1. If there is a memory leak:

a. If your load test contains Web tests that target an HTTPS web site, and especially ones that require your Web test to specify client certificates, you are probably running into a known product bug that causes a memory leak. There is currently no fix for this bug. However, there is a work around: in the load test’s run settings, change the “Web Test Connection Model” to “Connection Pool”. You should probably increase the size of the Connection Pool from the default of 50. You can probably set the Connection Pool Size as high as the maximum user load for the load test divided by the number of agents (since you get a connection pool of the size specified on each agent).

b. If your load test is not targeting an HTTPS web site, we don’t know of any other product bugs that would be causing a memory leak. It's possible that the memory leak is caused by user written code such as:

· unit tests

· code under test called by the unit test that runs in the same process as the unit test

· coded Web tests

· Web test plug-ins

· Custom Web test validation or extraction rules

·  A LoadTestPlugin

The most common programming practice in any of these pieces of user code that could cause a memory leak is to use a collection such as a ArrayList, List, Hashtable, or Dictionary that is declared as a static where the count of items in the collection grows as the load test runs.

To identify the specific cause of a memory leak in user written code, I would recommend:

· If your load test contains many tests, run the load test with each of the tests enabled one at a time to attempt to isolate the specific test causing the memory leak.

· Talk to the person responsible for writing that code.

· Use a tool that analyzes the memory usage in the .NET heap to debug the memory leak. The VSTS profiler can be used for this (see https://msdn.microsoft.com/en-us/library/ms182375.aspx ) as well as other memory analysis tools.

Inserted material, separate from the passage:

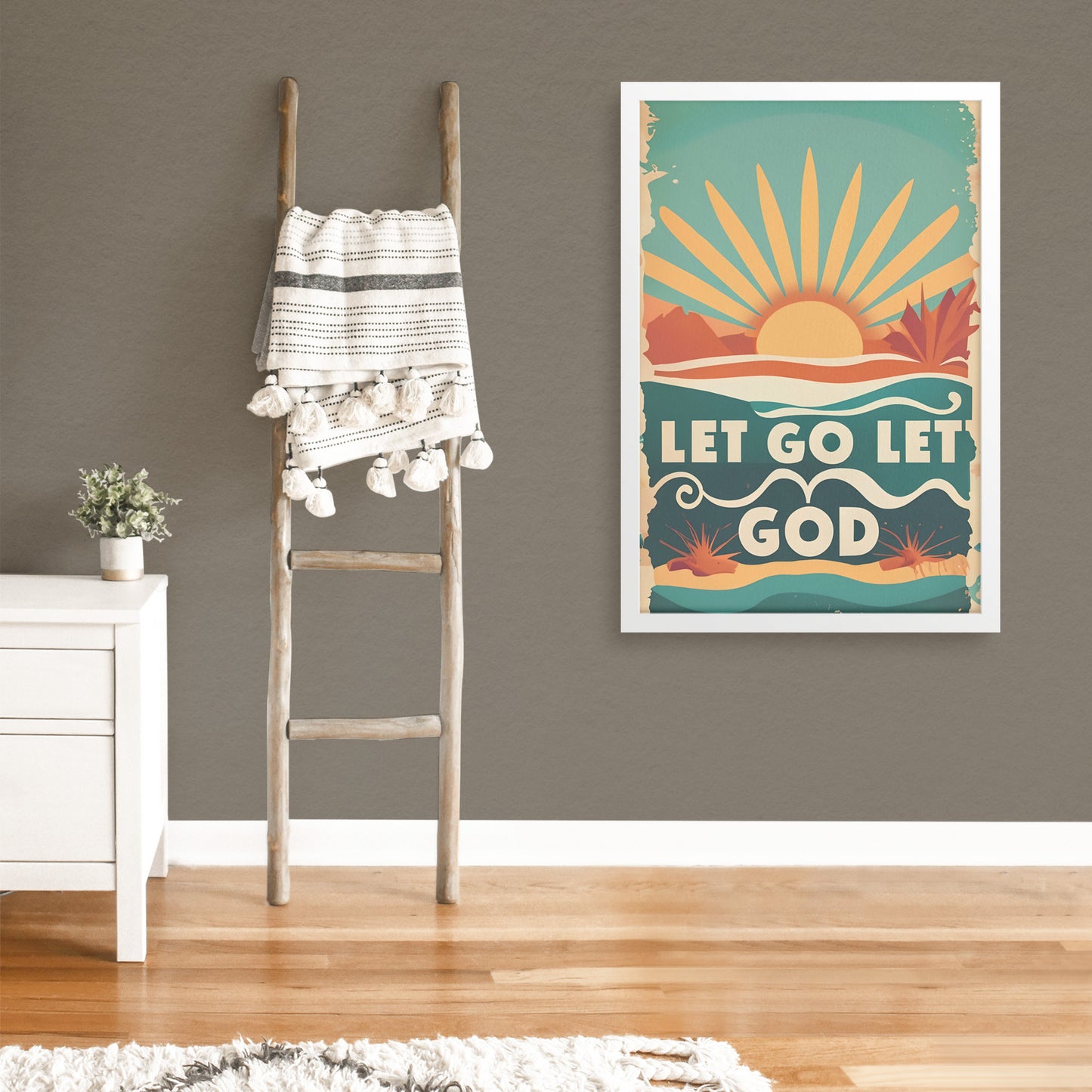 Let Go, Let God Retro Style Framed Print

2. If there is NOT a memory leak, then the memory usage could be too high because:

a. The user load per load test agent is too high

b. The size of the Web test responses (or posted requests) is large

c. The number of rows of data in one or more data sources is very large (note that all of the rows and columns used in a data source are read into memory at the start of the load test and remain in memory until the load test completes).

d. A combination of the above

In any of these cases, the best solution, if possible, is to increase the number of load test agents, so that the number of virtual users per load test agent is smaller.